Begin with the line that holds "Τρόμος στη Βιέννη". Write out every line from there to the end of the listing below, word for word.

***

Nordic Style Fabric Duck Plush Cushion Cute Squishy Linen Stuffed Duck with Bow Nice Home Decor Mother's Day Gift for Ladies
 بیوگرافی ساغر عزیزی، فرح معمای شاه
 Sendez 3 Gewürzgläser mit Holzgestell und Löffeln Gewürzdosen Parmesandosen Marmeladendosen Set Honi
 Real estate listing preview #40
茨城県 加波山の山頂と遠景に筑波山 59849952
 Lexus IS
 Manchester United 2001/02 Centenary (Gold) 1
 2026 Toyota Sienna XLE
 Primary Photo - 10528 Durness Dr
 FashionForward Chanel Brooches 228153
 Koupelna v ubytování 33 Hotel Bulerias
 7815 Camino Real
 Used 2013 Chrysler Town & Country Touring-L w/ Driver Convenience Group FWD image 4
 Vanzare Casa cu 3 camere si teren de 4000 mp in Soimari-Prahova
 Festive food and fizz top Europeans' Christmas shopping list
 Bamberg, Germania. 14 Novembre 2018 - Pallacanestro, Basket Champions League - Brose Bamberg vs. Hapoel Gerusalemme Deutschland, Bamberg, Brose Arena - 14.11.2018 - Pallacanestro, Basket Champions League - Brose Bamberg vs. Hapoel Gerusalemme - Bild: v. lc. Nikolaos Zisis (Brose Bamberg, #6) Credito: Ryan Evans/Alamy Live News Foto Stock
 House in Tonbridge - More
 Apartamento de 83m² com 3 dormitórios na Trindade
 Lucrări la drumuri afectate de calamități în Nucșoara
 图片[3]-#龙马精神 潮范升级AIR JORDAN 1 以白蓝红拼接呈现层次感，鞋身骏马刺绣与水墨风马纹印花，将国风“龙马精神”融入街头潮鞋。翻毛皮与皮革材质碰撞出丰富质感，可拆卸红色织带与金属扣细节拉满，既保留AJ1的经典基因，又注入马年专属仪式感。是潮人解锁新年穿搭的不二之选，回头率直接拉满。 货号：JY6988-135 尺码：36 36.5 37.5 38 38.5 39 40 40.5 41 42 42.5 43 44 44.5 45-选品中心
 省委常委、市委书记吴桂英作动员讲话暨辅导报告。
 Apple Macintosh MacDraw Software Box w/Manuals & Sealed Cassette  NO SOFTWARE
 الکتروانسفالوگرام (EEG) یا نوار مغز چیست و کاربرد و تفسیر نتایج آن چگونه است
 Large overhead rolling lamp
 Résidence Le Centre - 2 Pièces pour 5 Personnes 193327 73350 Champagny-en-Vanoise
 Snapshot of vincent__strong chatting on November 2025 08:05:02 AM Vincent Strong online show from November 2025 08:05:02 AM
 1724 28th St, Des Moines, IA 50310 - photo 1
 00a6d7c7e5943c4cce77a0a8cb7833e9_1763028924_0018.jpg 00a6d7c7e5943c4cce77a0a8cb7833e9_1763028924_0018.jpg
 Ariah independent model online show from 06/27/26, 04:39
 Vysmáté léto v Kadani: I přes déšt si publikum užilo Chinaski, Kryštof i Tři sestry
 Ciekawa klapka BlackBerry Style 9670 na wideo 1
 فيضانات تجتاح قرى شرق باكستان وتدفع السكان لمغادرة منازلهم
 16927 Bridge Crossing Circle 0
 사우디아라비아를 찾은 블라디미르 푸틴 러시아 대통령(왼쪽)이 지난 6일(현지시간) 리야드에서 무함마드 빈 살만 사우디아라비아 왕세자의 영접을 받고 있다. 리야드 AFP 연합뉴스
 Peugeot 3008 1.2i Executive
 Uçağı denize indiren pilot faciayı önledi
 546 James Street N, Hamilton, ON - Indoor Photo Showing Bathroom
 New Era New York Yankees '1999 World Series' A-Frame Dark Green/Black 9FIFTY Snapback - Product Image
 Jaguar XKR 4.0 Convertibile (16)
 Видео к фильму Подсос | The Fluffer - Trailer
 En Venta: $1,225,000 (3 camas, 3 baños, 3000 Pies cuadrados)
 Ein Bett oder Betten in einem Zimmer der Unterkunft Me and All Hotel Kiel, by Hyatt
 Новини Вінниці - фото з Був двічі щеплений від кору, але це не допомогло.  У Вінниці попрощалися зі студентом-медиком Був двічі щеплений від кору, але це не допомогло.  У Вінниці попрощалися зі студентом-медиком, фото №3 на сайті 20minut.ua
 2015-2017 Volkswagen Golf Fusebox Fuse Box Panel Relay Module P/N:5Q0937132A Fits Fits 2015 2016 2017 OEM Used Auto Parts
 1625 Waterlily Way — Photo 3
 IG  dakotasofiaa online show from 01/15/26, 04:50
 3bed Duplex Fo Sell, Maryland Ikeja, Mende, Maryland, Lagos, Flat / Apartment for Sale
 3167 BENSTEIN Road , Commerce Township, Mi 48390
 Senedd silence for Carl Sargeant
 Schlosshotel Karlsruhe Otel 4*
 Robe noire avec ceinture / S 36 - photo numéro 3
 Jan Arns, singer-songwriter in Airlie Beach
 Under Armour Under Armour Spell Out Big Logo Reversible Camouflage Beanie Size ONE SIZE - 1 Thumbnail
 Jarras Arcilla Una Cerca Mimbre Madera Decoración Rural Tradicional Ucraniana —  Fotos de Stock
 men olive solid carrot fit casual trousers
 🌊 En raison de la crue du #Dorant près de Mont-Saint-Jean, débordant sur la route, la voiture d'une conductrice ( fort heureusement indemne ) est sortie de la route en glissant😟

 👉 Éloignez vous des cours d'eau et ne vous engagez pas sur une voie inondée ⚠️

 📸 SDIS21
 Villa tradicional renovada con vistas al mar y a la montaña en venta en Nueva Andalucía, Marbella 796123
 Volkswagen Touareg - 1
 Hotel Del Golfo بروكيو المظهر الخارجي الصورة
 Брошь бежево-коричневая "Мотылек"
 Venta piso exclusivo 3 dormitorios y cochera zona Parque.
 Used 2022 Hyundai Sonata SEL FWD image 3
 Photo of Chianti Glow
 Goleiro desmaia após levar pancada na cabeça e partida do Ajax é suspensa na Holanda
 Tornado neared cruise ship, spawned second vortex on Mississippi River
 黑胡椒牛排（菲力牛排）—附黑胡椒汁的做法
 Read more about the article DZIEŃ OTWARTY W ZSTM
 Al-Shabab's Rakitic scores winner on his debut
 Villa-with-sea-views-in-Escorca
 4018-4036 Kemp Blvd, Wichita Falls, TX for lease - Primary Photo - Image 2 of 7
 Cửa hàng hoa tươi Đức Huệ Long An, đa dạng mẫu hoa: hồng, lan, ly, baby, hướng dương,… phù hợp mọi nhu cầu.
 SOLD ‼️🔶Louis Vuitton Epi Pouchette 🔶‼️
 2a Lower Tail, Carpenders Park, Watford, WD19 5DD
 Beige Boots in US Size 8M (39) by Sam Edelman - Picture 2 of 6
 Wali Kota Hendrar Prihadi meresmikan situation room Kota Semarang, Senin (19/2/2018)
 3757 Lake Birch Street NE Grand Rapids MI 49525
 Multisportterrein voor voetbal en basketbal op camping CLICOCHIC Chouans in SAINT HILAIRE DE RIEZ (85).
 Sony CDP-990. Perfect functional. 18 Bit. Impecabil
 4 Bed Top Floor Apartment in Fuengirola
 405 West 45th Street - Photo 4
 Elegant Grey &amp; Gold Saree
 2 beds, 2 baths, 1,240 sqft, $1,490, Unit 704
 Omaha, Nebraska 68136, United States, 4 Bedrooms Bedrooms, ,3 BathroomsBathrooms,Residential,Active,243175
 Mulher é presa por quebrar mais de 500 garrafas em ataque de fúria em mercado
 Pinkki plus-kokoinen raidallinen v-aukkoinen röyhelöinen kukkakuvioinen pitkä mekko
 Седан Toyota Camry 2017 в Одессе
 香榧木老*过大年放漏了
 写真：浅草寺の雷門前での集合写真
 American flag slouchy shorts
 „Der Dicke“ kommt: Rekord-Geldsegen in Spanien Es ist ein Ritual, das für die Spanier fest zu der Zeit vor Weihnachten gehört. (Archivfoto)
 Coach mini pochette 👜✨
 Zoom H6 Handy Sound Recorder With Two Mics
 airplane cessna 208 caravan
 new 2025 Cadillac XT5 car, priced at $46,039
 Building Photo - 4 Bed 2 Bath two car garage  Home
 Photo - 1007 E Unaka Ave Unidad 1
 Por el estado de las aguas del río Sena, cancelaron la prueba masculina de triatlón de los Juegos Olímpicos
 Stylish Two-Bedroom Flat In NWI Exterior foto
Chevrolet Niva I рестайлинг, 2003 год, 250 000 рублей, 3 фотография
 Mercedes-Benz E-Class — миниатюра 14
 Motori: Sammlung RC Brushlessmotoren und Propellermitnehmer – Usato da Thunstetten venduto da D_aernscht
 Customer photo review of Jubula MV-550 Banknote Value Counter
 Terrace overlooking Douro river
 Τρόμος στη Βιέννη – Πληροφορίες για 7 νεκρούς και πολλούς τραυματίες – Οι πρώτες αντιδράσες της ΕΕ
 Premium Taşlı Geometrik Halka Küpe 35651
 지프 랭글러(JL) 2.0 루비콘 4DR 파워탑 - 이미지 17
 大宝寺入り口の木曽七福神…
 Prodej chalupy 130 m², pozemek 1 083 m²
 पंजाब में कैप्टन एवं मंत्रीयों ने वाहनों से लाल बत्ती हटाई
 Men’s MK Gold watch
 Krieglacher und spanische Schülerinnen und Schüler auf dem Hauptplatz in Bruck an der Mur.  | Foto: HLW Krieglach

***

### TASK ANSWER:
 Τρόμος στη Βιέννη – Πληροφορίες για 7 νεκρούς και πολλούς τραυματίες – Οι πρώτες αντιδράσες της ΕΕ
 Premium Taşlı Geometrik Halka Küpe 35651
 지프 랭글러(JL) 2.0 루비콘 4DR 파워탑 - 이미지 17
 大宝寺入り口の木曽七福神…
 Prodej chalupy 130 m², pozemek 1 083 m²
 पंजाब में कैप्टन एवं मंत्रीयों ने वाहनों से लाल बत्ती हटाई
 Men’s MK Gold watch
 Krieglacher und spanische Schülerinnen und Schüler auf dem Hauptplatz in Bruck an der Mur.  | Foto: HLW Krieglach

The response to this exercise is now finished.